[48] Comme la finesse est l'effet d'un petit esprit, il arrive quasi toujours que celui qui s'en sert pour se couvrir en un endroit se découvre en un autre (max. 125, I 127).
[49] Rien ne nous plaît tant que la confiance des grands et des personnes considérables par leurs emplois, par leur esprit ou par leur mérite; elle nous fait sentir un plaisir exquis et élève merveilleusement notre orgueil parce que nous la regardons comme un effet de notre fidélité; cependant nous serons remplis de confusion si nous considérons l'imperfection et la bassesse de sa naissance, car elle vient de la vanité, de l'envie de parler et de l'impuissance de retenir les secrets, de sorte qu'on peut dire que la confiance est comme un relâchement de l'âme causé par le nombre et par le poids des choses dont elle est pleine (max. 239, I 255).
[50] Nous ne nous apercevons que des emportements et des mouvements extraordinaires de nos humeurs, comme de la violence, de la colère, etc., mais personne quasi ne s'aperçoit que ces humeurs ont un cours ordinaire et réglé qui meut et tourne doucement et imperceptiblement notre volonté à des actions différentes; elles roulent ensemble, s'il faut ainsi dire, et exercent successivement leur empire, de sorte qu'elles ont une part considérable à toutes nos actions, dont nous croyons être les seuls auteurs (max. 297, I 48).
[51] La pitié est un sentiment de nos propre maux dans un sujet étranger; c'est une prévoyance habile des malheurs où nous pouvons tomber, qui nous fait donner des secours aux autres pour les engager à nous les rendre dans de semblables occasions, de sorte que les services que nous rendons à ceux qui sont accueillis de quelque infortune sont à proprement parler des biens anticipés que nous nous faisons (max. 264, I 287).
[52] Qui considérera superficiellement tous les effets de la bonté qui nous fait sortir de nous-mêmes, et qui nous immole continuellement à l'avantage de tout le monde, sera tenté de croire que, lorsqu'elle agit, l'amour-propre s'oublie et s'abandonne lui-même, et même qu'il se laisse dépouiller et appauvrir sans s'en apercevoir, en sorte qu'il semble que la bonté soit la niaiserie et l'innocence de l'amour-propre.
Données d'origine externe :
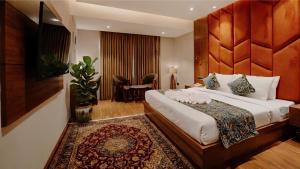 a hotel room with a large bed in a room at The Olive Hotel Srinagar in Srinagar +47 photos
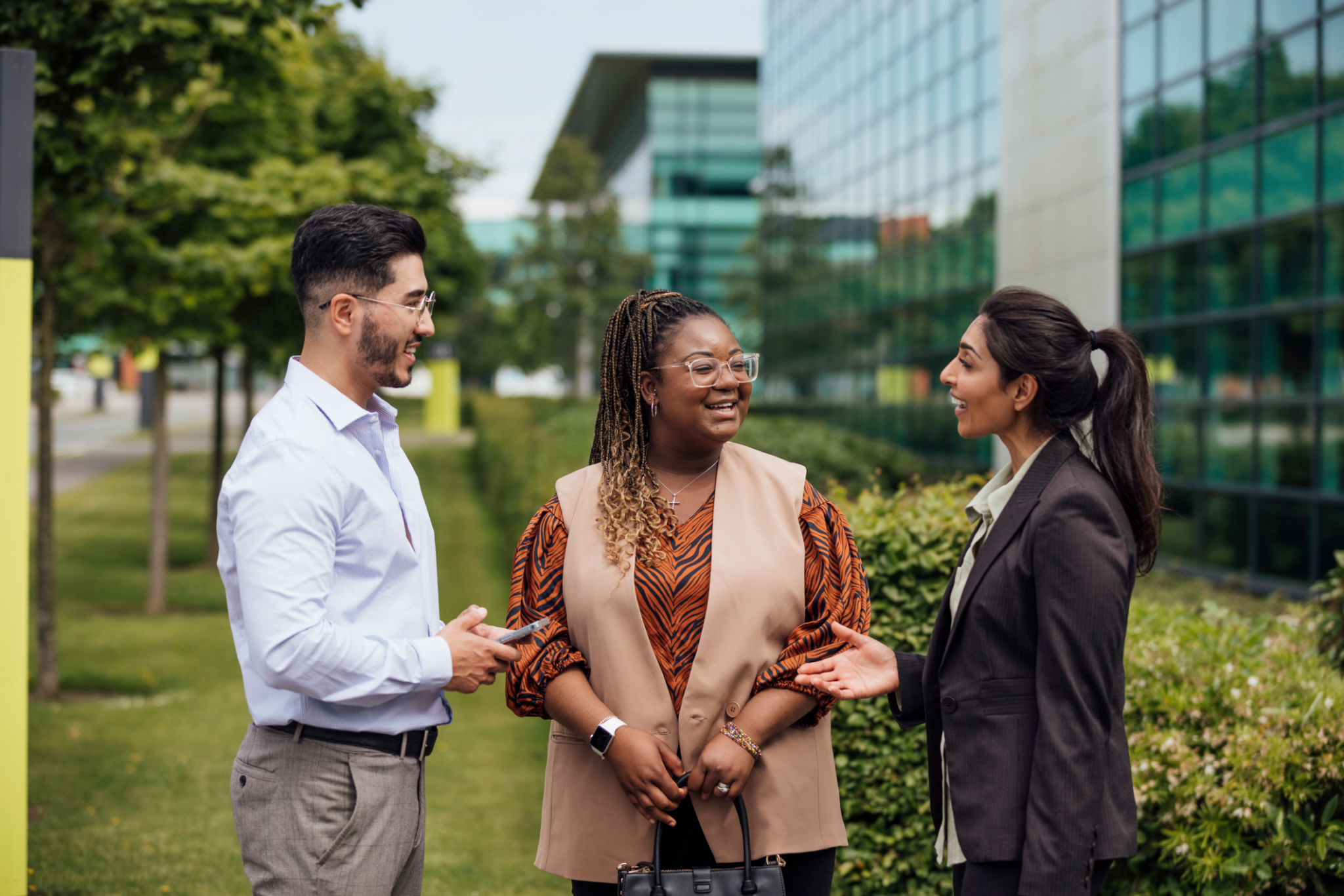 A waist-up shot of three colleagues talking outside of the office during working hours. They are all smartly dressed talking and laughing with each other. Located in the North East of England.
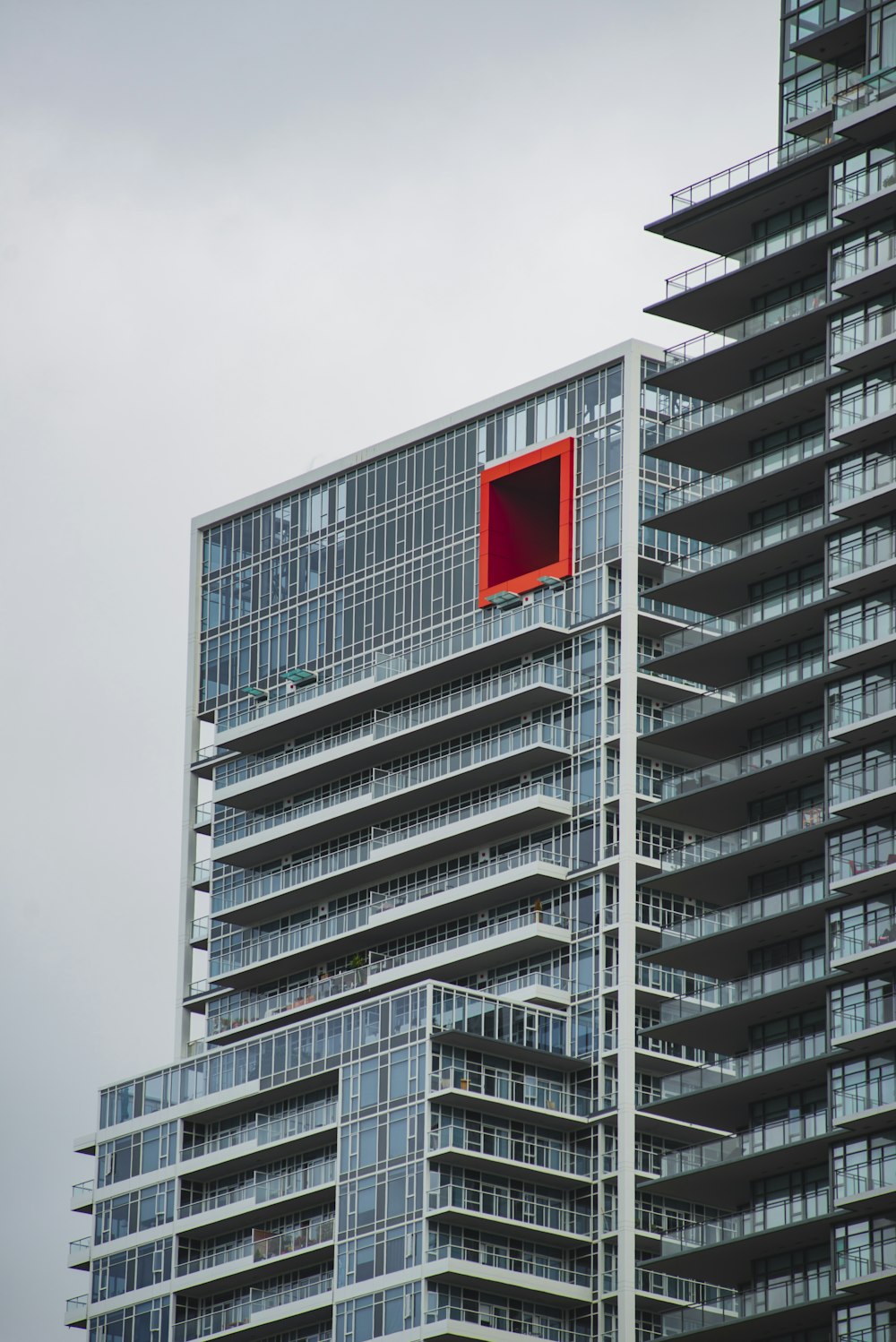 a tall building with a red square in the middle of it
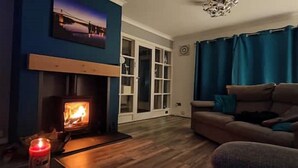 A cozy living room with a wood-burning stove, a sofa, and a large window with curtains. - Benllech Sea View bungalow, Dog Friendly sleeps 6 (Benllech)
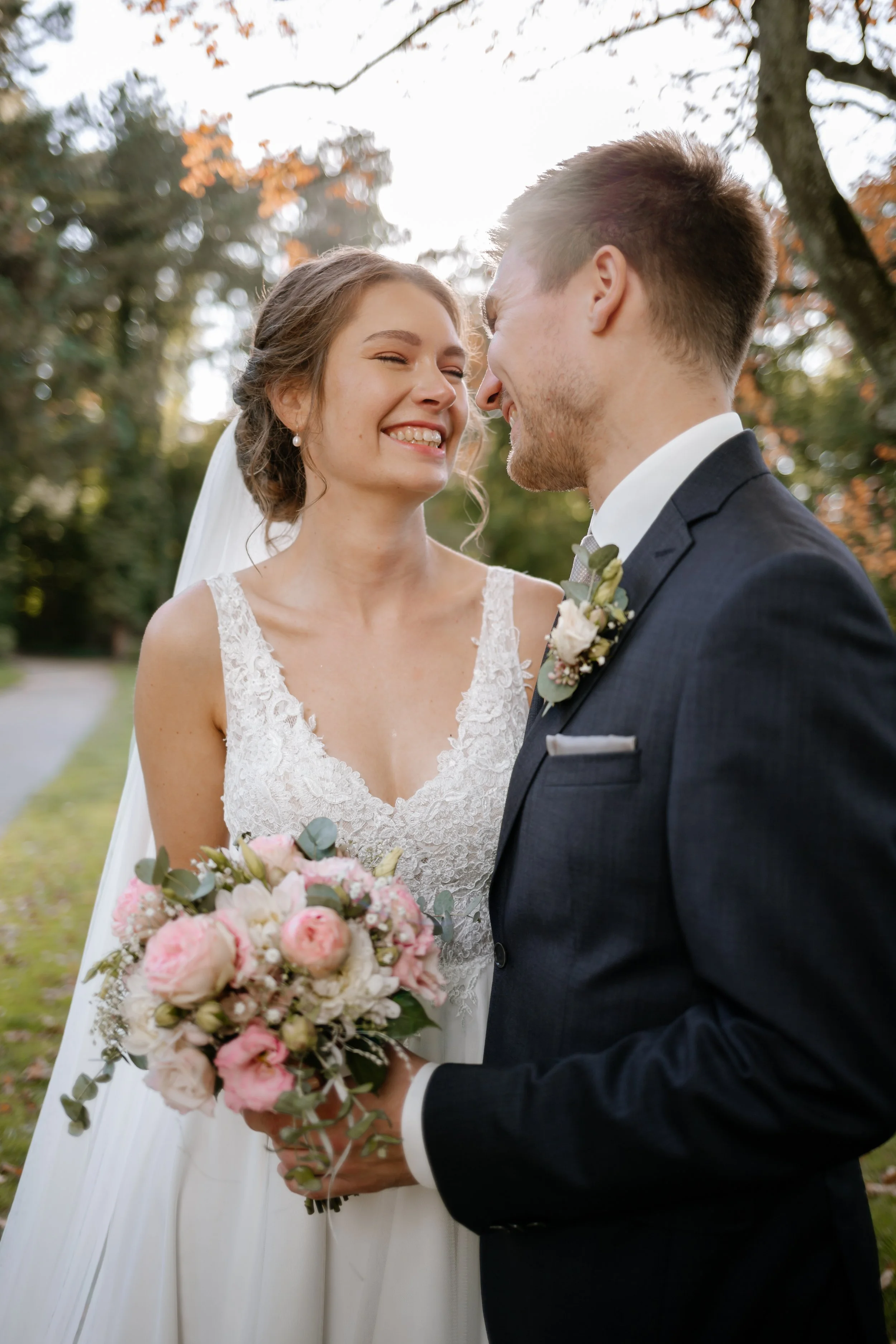 Ein glückliches Brautpaar steht im Park, lächelt sich verliebt an, die Braut trägt ein weißes Hochzeitskleid mit Spitze, hält einen Blumenstrauß mit rosa und weißen Blumen, die Umgebung ist herbstlich mit bunten Blättern an den Bäumen.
Cependant la bonté est en effet le plus prompt de tous les moyens dont l'amour-propre se sert pour arriver à ses fins; c'est un chemin dérobé par où il revient à lui-même plus riche et plus abondant; c'est un désintéressement qu'il met à une furieuse usure, c'est enfin un ressort délicat avec lequel il remue, il dispose et tourne tous les hommes en sa faveur (max. 236, I 250).
[53] L'humilité est une feinte soumission que nous employons pour soumettre effectivement tout le monde; c'est un mouvement de l'orgueil par lequel il s'abaisse devant les hommes pour s'élever sur eux; c'est son plus grand déguisement, et son premier stratagème; certes, comme il est sans doute que le Protée des fables n'a jamais été, il est un véritable dans la nature, car il prend toutes les formes comme il lui plaît; mais, quoiqu'il soit merveilleux et agréable à voir sur toutes ses figures et dans toutes ses industries, il faut pourtant avouer qu'il n'est jamais si rare ni si plaisant que lorsqu'on le voit sous la forme et sous l'habit de l'humilité; car alors on le voit les yeux baissés, sa contenance est modeste et reposée, ses paroles douces et respectueuses, pleines de l'estime des autres et de dédain pour lui-même; il est indigne de tous les honneurs, il est incapable d'aucun emploi, et ne reçoit les charges où on l'élève que comme un effet de la bonté des hommes et de la faveur aveugle de la fortune (max. 254, I 277).